── Dataset excerpts

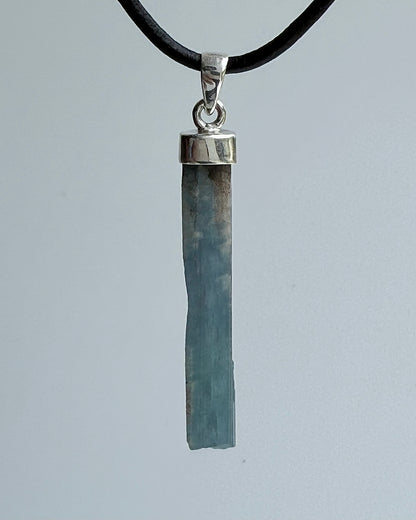 Natural Dark Blue South Indian Aquamarine Crystal Pendant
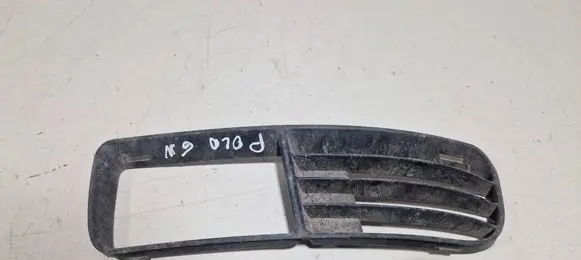 Volkswagen Polo III 6N 6N2 6NF Front bumper lower grill 6N0853665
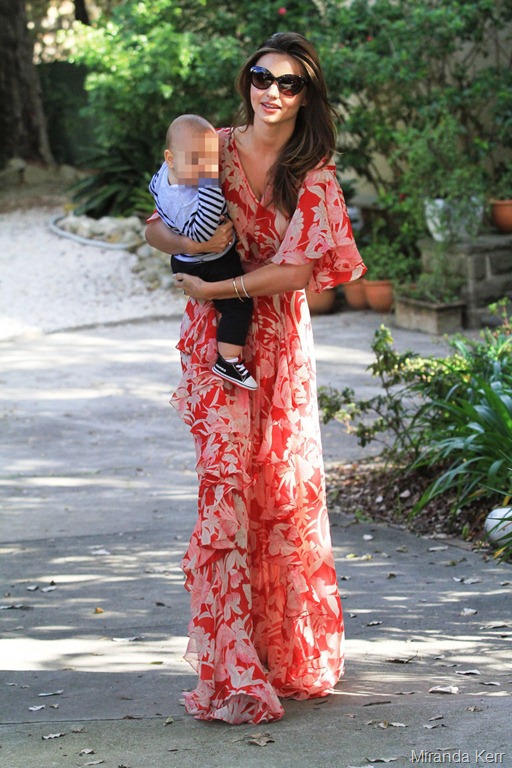 [Miranda-Kerr-in-red-floral-maxi-dress-with-Flynn-August-2011%255B8%255D.jpg]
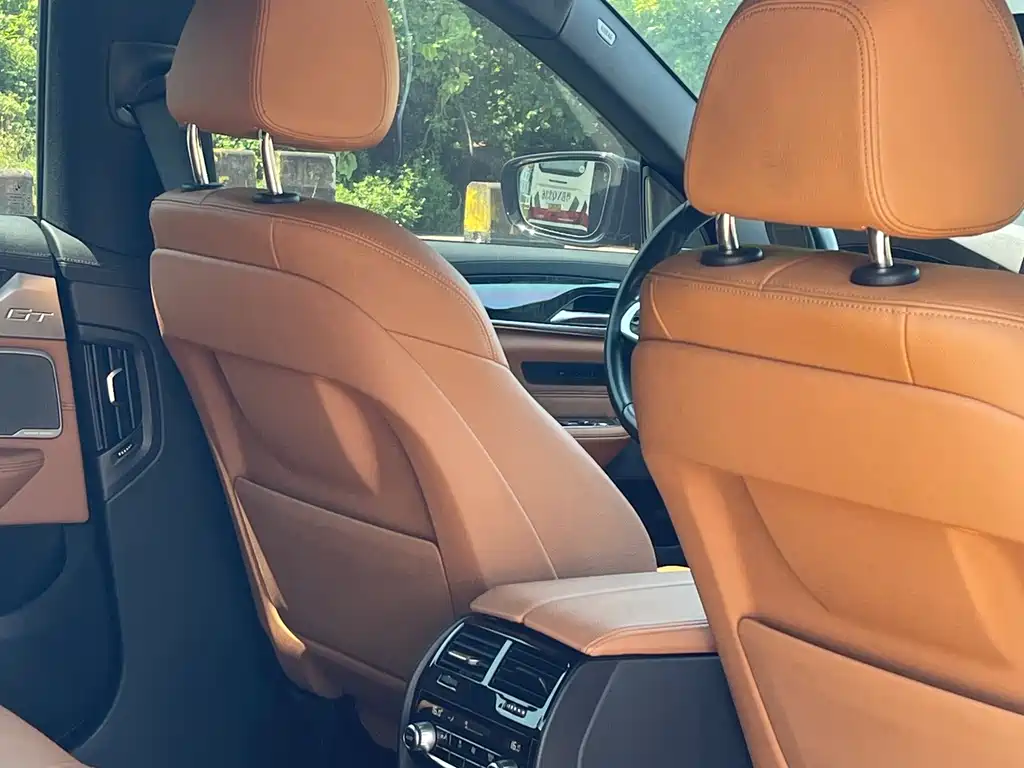 BMW 6 Series GT — фото 33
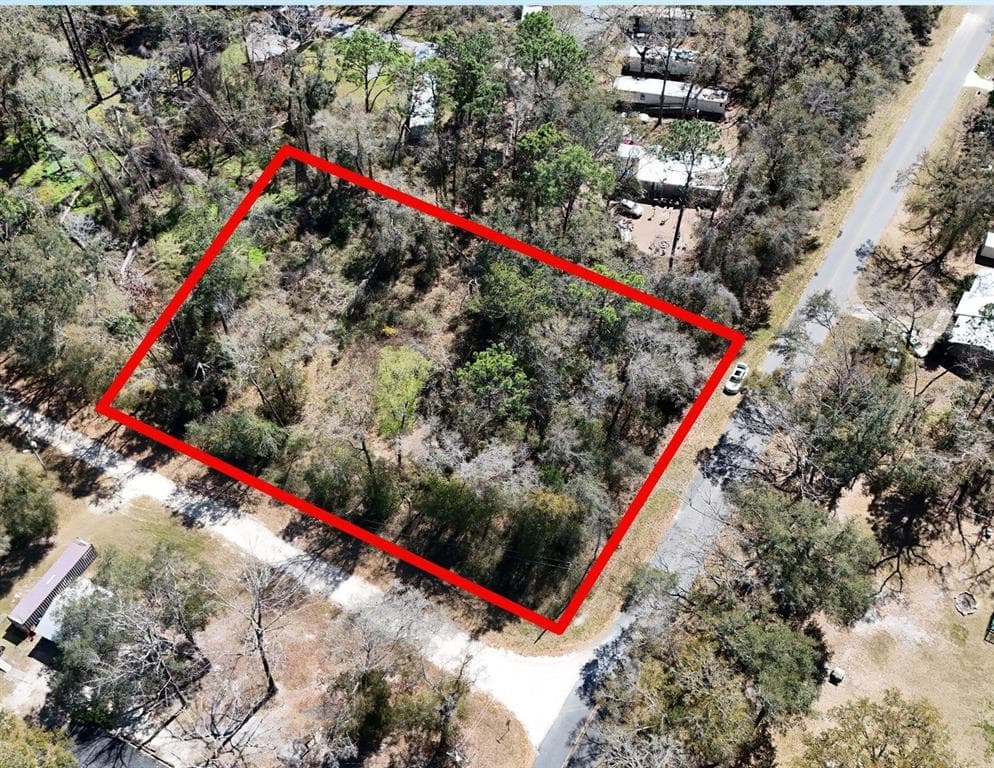 SW CHRIS TERRACE LAKE CITY, FL 32024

────

**Problem to solve:** Print the data above exactly; drop every picture.

**Output of the exercise:**
 Natural Dark Blue South Indian Aquamarine Crystal Pendant
 Volkswagen Polo III 6N 6N2 6NF Front bumper lower grill 6N0853665
 [Miranda-Kerr-in-red-floral-maxi-dress-with-Flynn-August-2011%255B8%255D.jpg]
 BMW 6 Series GT — фото 33
 SW CHRIS TERRACE LAKE CITY, FL 32024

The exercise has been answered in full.